| Data segment |
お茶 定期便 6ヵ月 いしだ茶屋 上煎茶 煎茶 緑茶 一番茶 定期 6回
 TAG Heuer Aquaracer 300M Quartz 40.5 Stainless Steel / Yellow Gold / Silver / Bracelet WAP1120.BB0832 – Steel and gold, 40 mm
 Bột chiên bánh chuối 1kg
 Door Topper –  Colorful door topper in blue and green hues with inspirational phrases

| Brief |
Quote the data in full, keeping each word unchanged.

| Exercise result |
お茶 定期便 6ヵ月 いしだ茶屋 上煎茶 煎茶 緑茶 一番茶 定期 6回
 TAG Heuer Aquaracer 300M Quartz 40.5 Stainless Steel / Yellow Gold / Silver / Bracelet WAP1120.BB0832 – Steel and gold, 40 mm
 Bột chiên bánh chuối 1kg
 Door Topper –  Colorful door topper in blue and green hues with inspirational phrases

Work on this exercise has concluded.